И тут же сделал примечание: "Отправляясь из Виллафранки в Ниццу морем, в глухую ночь, я подвергся было опасности быть брошенным в воды". Что это был за эпизод (весьма характерный для того бурного времени), остается неизвестным.
2 марта (н. ст.) он в Ницце, и перед этой записью - поздней вписанное заглавие: "Въезд в Италию". Природа Ниццы и Вилла-франки кажется ему землею обетованною. Но одна любопытная сцена показывает, как близки были ему другие впечатления. Он посетил монастырь Сен-Симье - "обитель капуцинов ордена Доминика". "...На холме несколько выше прочего сада - роща кипарисов, темная, уединенная, насажденная для тихого размышления.

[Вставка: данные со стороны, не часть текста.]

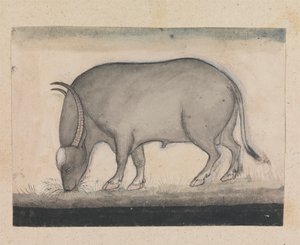 Wasserbüffel beim Grasen von Gangaram Chintaman Tambat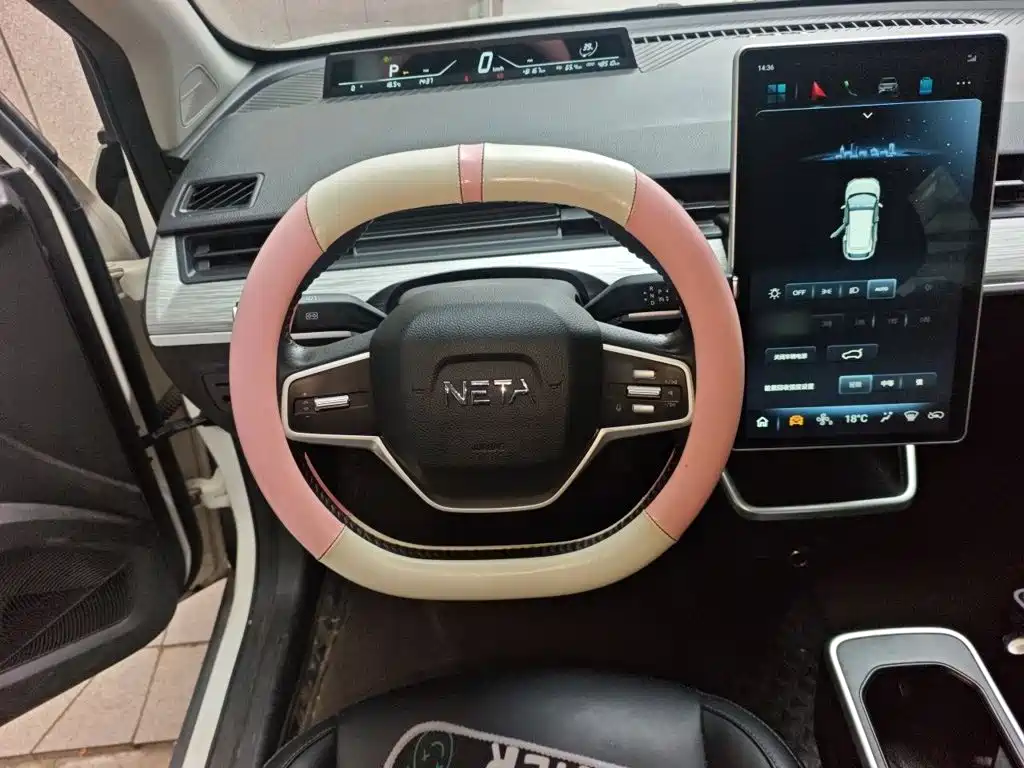 Neta Neta V — миниатюра 6
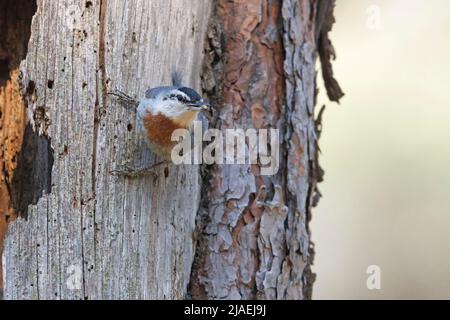 Nuthatch di Krüper, foresta di Achladeri, Lesbo, Grecia, maggio 2022 Foto Stock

– "Сюда, подумал я, сюда от сует и шуму, от людей и пороков!". Но я спустился в сад, я взглянул на монахов... на лицах некоторых были написаны фанатизм и бессмыслие; другие казались хитрыми и лукавыми лицемерами; я увидел четырех или пятерых, которым не было и двадцати лет, которые еще не знали жизни, не просвещались ее скорбию и радостями, и следовательно, не могли жаждать единственного истинного благоуспокоения. Я с ужасом сказал себе: "Их страсти еще спят, но они рано или поздно проснутся и горе тогда злополучным!" Мне стало душно в этих стенах, и я из них почти выбежал: казалось, минута замедления лишит меня свободы, лишит возможности возвратиться в свет, где могу и должен думать, трудиться, страдать, бороться с жизнью".
Так он заметил среди прекрасной природы неблагополучие: французских каторжников, итальянских монахов. Монахи особенно поразили его. И недаром: в Сардинском королевстве (в состав которого входили Пьемонт и Ницца) царствовала черная клерикальная реакция иезуитов, были уничтожены какие-либо следы радикального равноправия, введенные было при французах; суды колесовали и четвертовали за малейшее проявление вольномыслия.
Между тем - что ускользнуло пока от внимания путешественника - по всему королевству кипела деятельность карбонариев [8]. Запись о монахах датирована 8 марта, а через два дня началась в стране революция: в Алессандрии вспыхнуло восстание; восставшие солдаты захватили крепость и провозгласили испанскую конституцию.
Кюхельбекер покидал Ниццу в "хаосе чувств и мыслей противоречивых": "Слухи, распространившиеся в последние дни моей бытности в Ницце об движении пьемонтских карбонариев, бунт Алессандрии и ропот армии, предчувствие войны и разрушения удвоили мое уныние".
Эта запись уже носит дату 16/4 марта и оканчивается стихотворением "Ницца", отразившим в полной мере чувства, о которых он говорит выше.
Край, посещенный им, - "область браней и свободы, рабских и сердечных уз". Его предчувствия безотрадны: он не сомневается в победе австрийцев ("тудесков"), собирающихся раздавить народное движение:
Гром завоет; зарев блесни Ослепят унылый взор: Ненавистные тудески Ниспадут с ужасных гор. Смерть из тысяч ружей грянет, В тысячах штыках сверкнет; Не родясь, весна увянет, Вольность, не родясь, умрет!Противоречие между жизнью природы и человеческой жизнью сокрушает его:
Здесь душа в лугах шелковых, Жизнь и в камнях, и в водах! Что ж закон судеб суровых Шлет сюда и месть и страх?